(Data records)
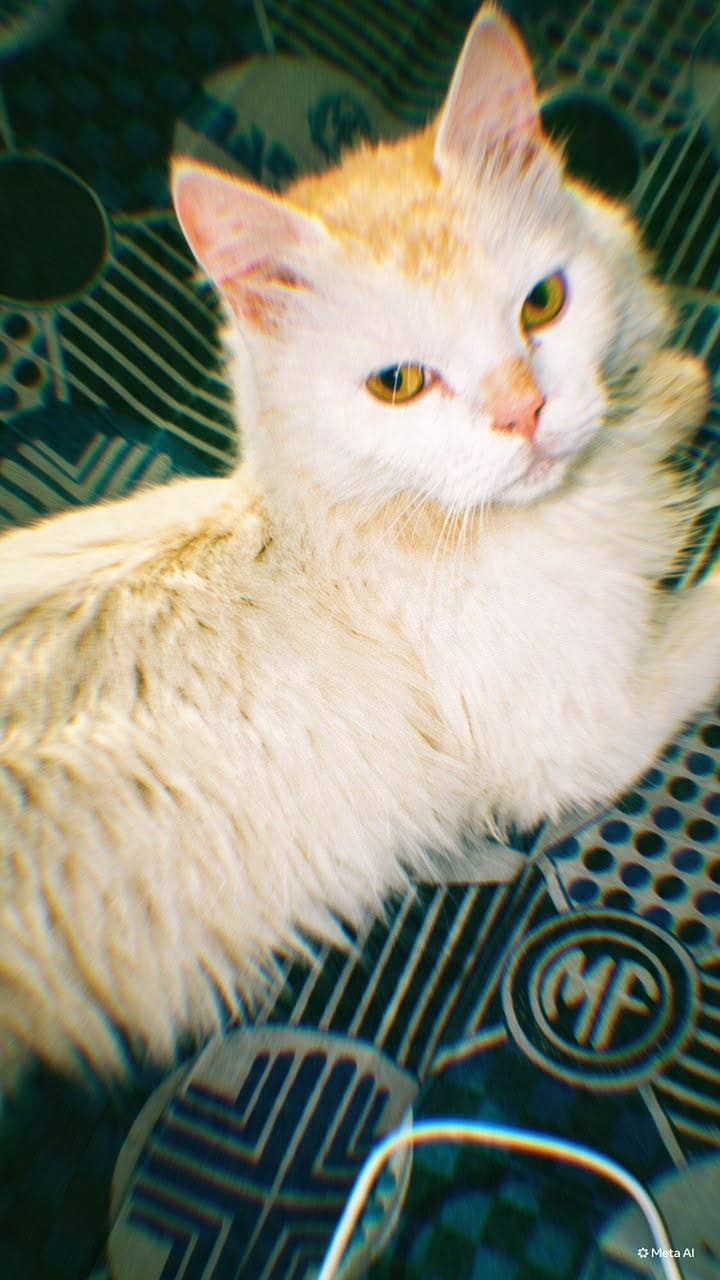 cat for sale - Cats - 1120919073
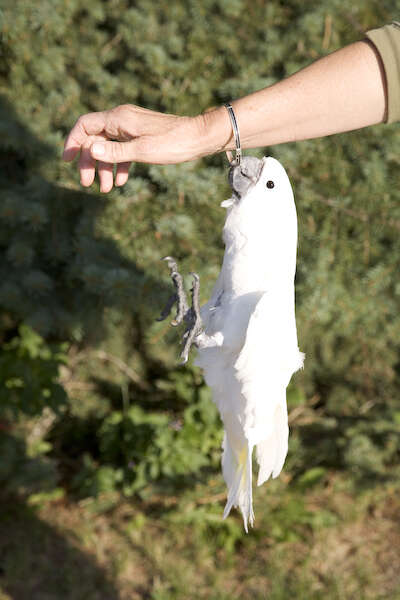 Cacatua alba (Müller & Pls 1776) resmi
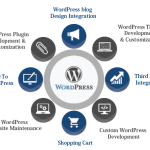 Wordpress Development Company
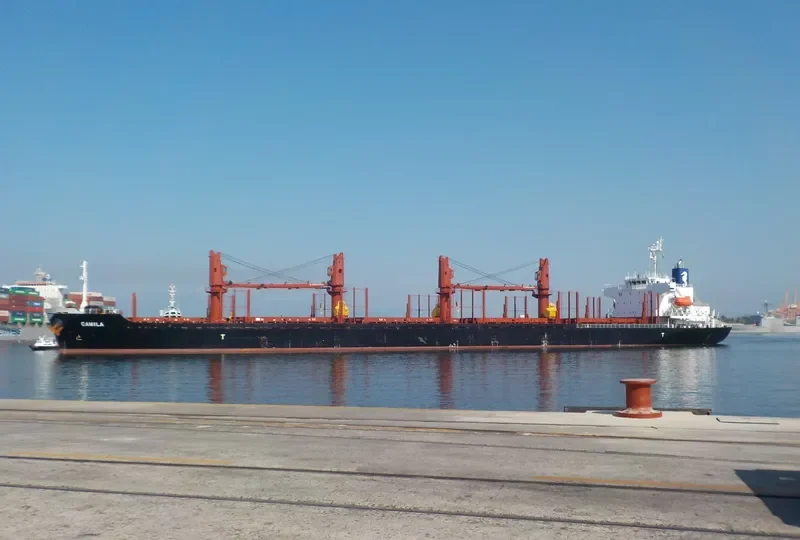 CAMILA Bulk Carrier IMO 9701231 photo 2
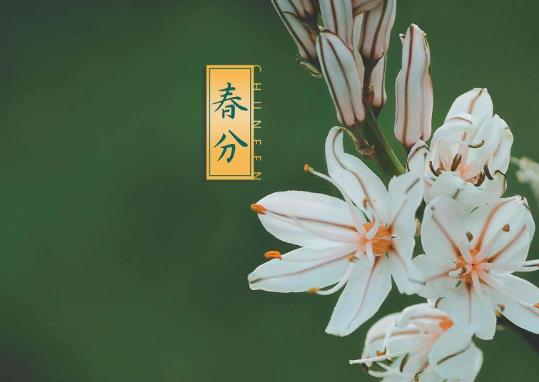 2022春分過后天氣多久變暖?2022年春分祭祀要放鞭炮嗎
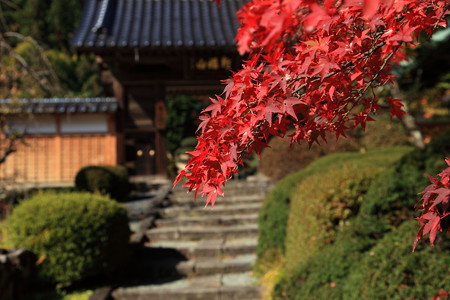 岩波観音の紅葉２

**EXERCISE AIM**
All records above must be copied exactly, though the pictures they hold are to be left out.

**SOLUTION FOR THIS EXERCISE**
 cat for sale - Cats - 1120919073
 Cacatua alba (Müller & Pls 1776) resmi
 Wordpress Development Company
 CAMILA Bulk Carrier IMO 9701231 photo 2
 2022春分過后天氣多久變暖?2022年春分祭祀要放鞭炮嗎
 岩波観音の紅葉２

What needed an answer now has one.